Based on web 2 technologies, a growing variety of production processes are becoming easily accessible for anyone.
An online interface makes highly specialized technologies available. Once you setup your account, payment and shipping options are selected you can start producing and in some cases have access to a network of like-minded users or potential customers.
Companies like Ponoko (laser cutting and engraving), RedEye (Rapid Prototyping) and blurb (bookmaking) can successfully contribute to a designer/maker practice. A competent level of computer skills are required to address these services to achieve the best outcome. For waterjet or laser cutting, which are essentially two dimensional processes, of flat or sheet materials the mastery of a vector-based graphics program like Adobe Illustrator is essential. To use the RedEye ‘factory of the future’ one needs to generate a .stl file of a virtual 3D object that had been modeled in a CAD program.
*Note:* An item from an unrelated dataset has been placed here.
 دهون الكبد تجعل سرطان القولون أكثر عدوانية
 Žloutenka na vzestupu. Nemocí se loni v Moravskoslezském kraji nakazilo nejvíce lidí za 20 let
The underlying specialized technology, for a long time the domain of the manufacturing industry, is expensive and usually out of reach of a single craft practitioner. If acquired, such equipment would ‘tie’ the individual maker to this technology for a long time and introducing a high level of risk to their business. Not to mention high running cost and that these digitally based technologies become obsolete within a few years.
I have used several of these processes while designing and making the ‘desk light‘, it has a waterjet cut stainless steel plate, a lasercut lamp shade (Ponoko) and Rapid Prototyping parts. Using these technologies has led the design process to new solutions and made the making of this light relatively easy.